Please restate the entries below word for word, leaving out any pictures.
====== Supplied material
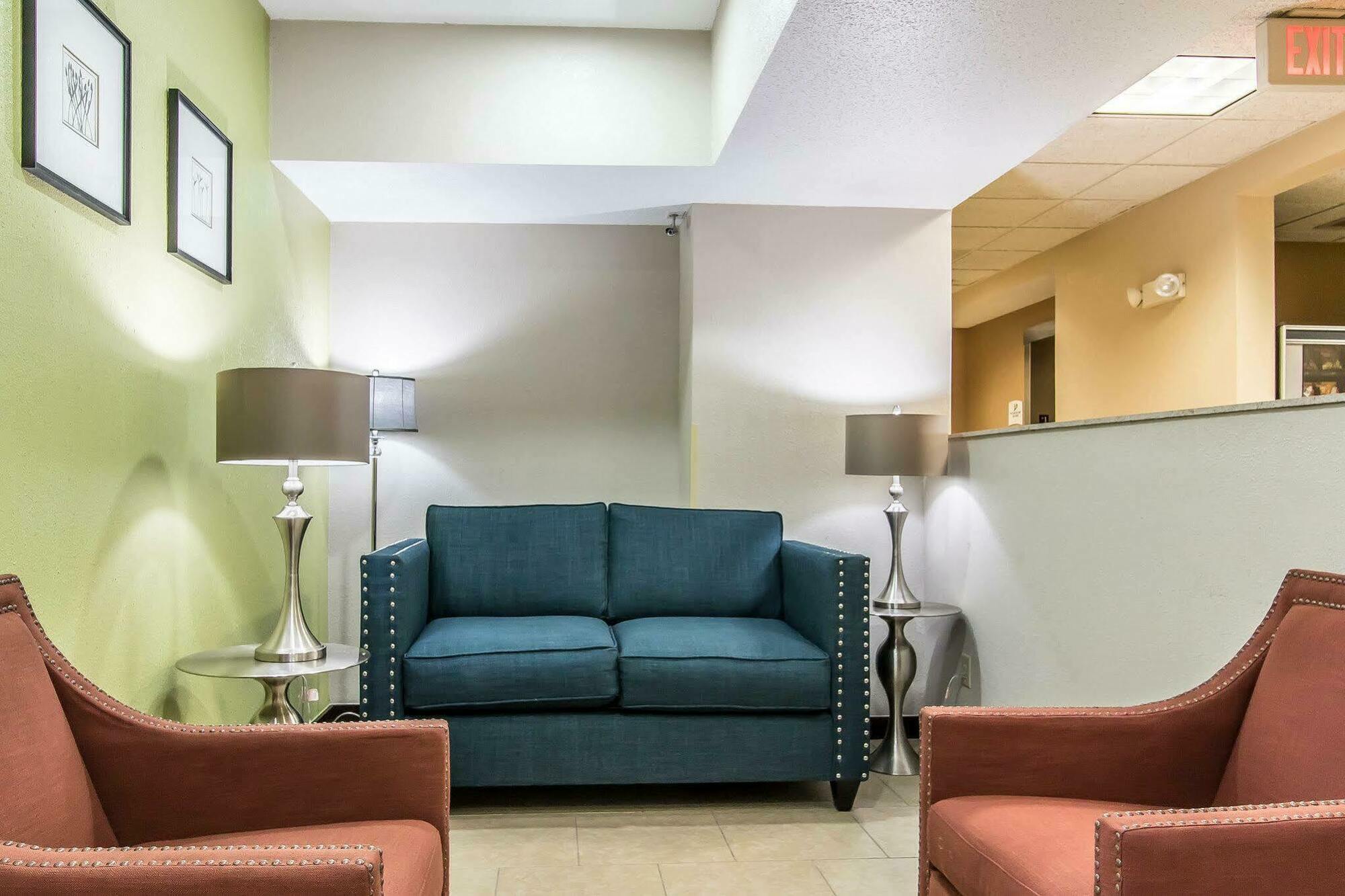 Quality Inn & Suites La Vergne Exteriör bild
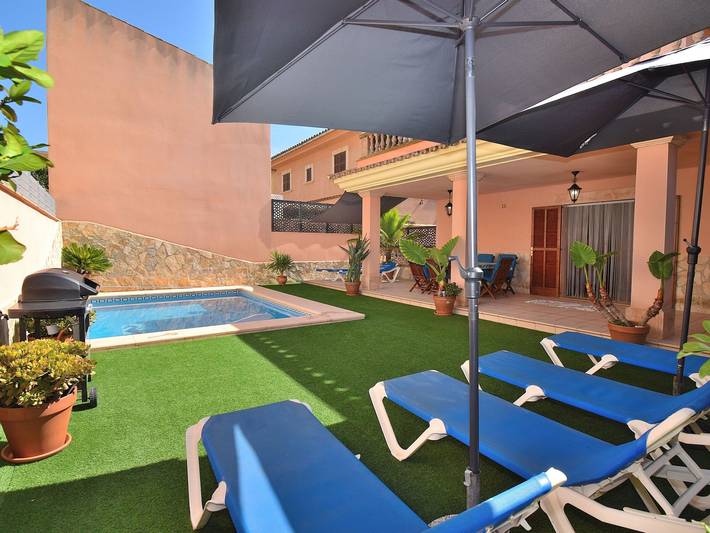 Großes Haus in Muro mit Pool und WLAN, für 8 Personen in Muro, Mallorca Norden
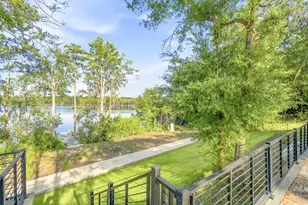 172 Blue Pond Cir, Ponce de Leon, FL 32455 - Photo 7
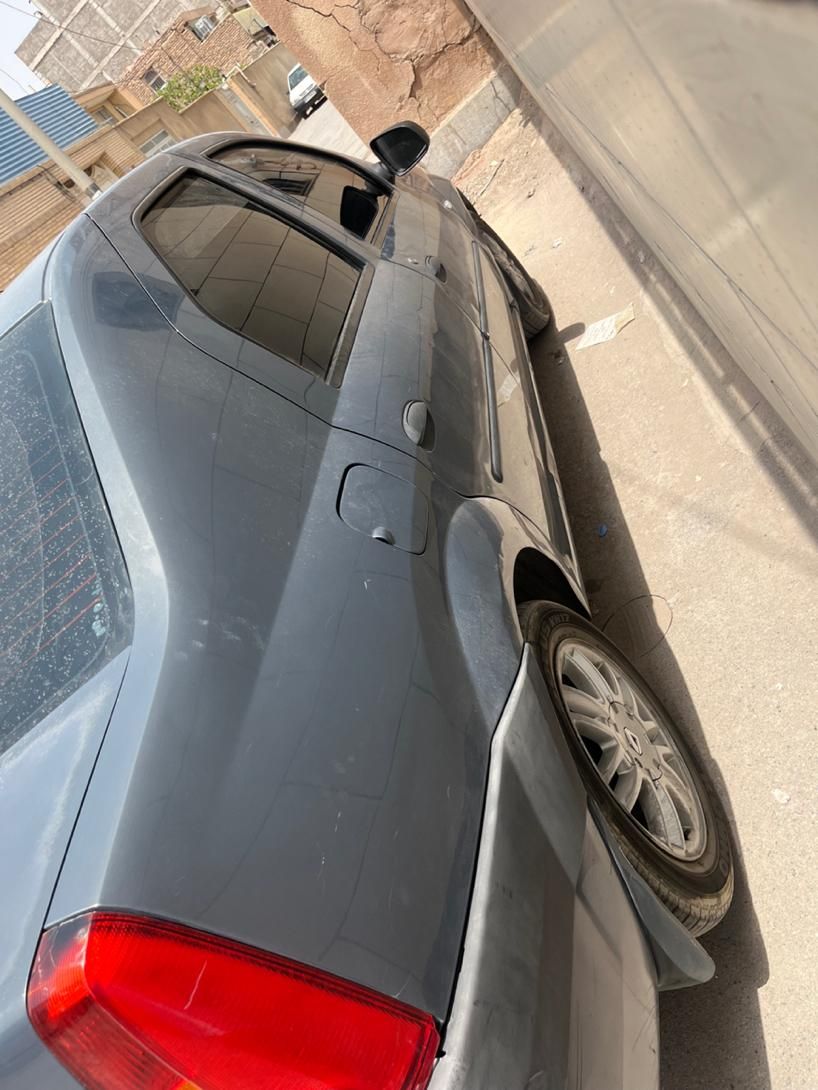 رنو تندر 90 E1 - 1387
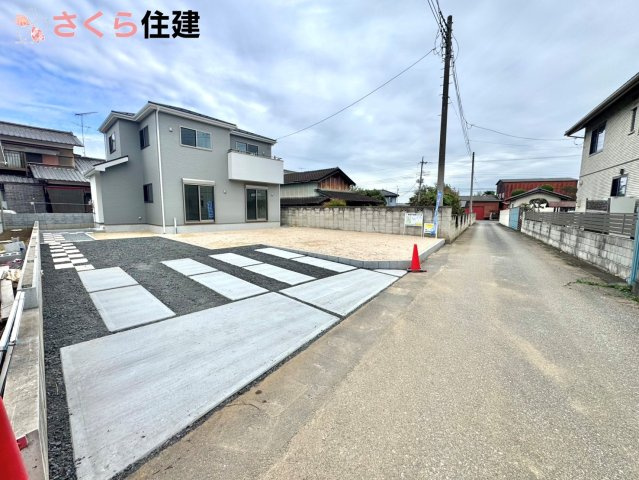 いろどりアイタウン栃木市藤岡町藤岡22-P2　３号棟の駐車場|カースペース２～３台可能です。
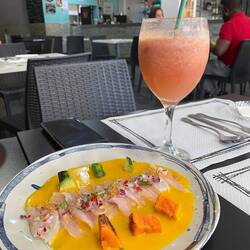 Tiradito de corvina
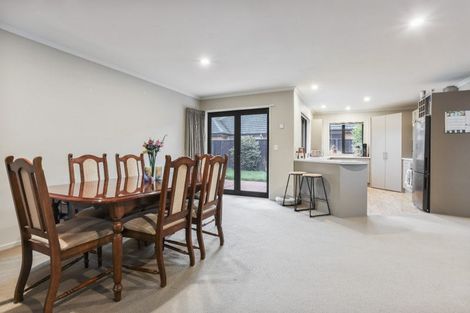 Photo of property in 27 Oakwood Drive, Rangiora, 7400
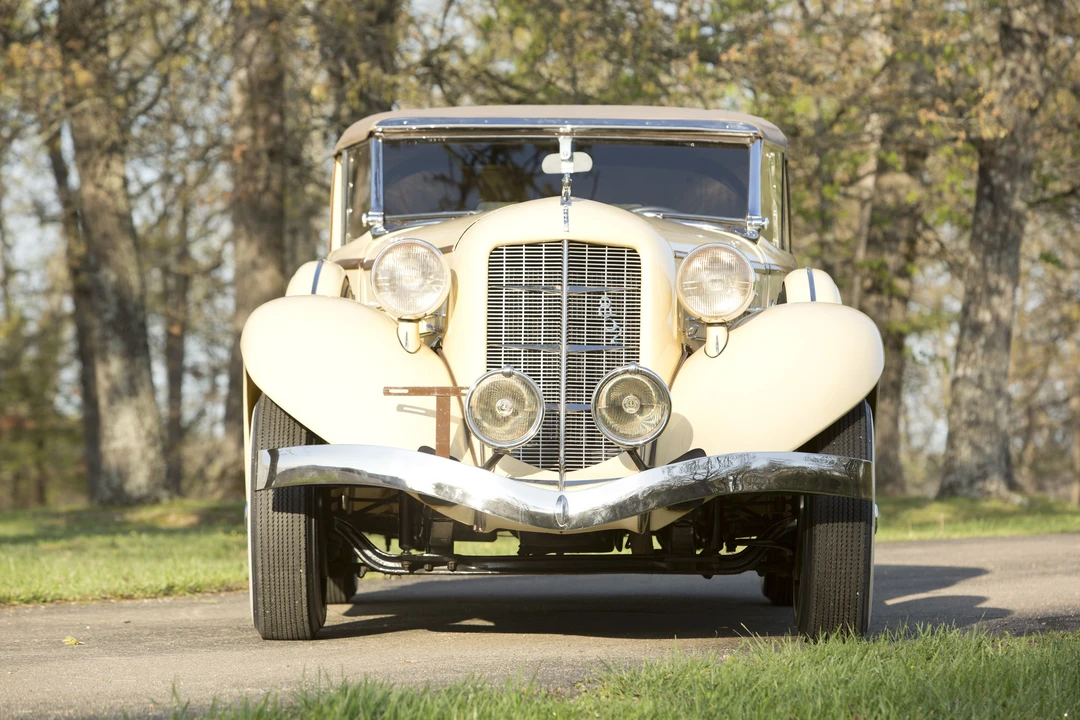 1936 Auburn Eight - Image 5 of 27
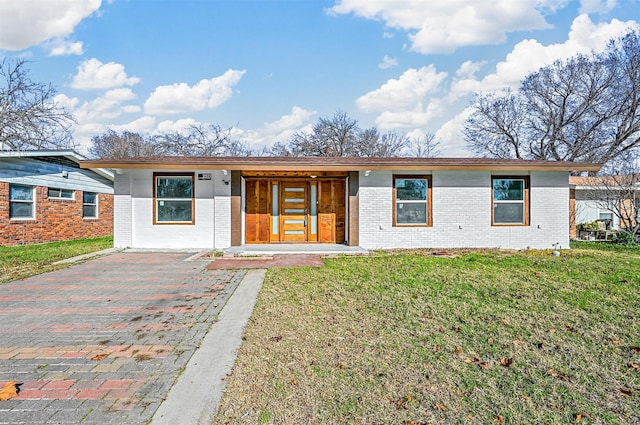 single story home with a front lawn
============
# [Exercise output]
 Quality Inn & Suites La Vergne Exteriör bild
 Großes Haus in Muro mit Pool und WLAN, für 8 Personen in Muro, Mallorca Norden
 172 Blue Pond Cir, Ponce de Leon, FL 32455 - Photo 7
 رنو تندر 90 E1 - 1387
 いろどりアイタウン栃木市藤岡町藤岡22-P2　３号棟の駐車場|カースペース２～３台可能です。
 Tiradito de corvina
 Photo of property in 27 Oakwood Drive, Rangiora, 7400
 1936 Auburn Eight - Image 5 of 27
 single story home with a front lawn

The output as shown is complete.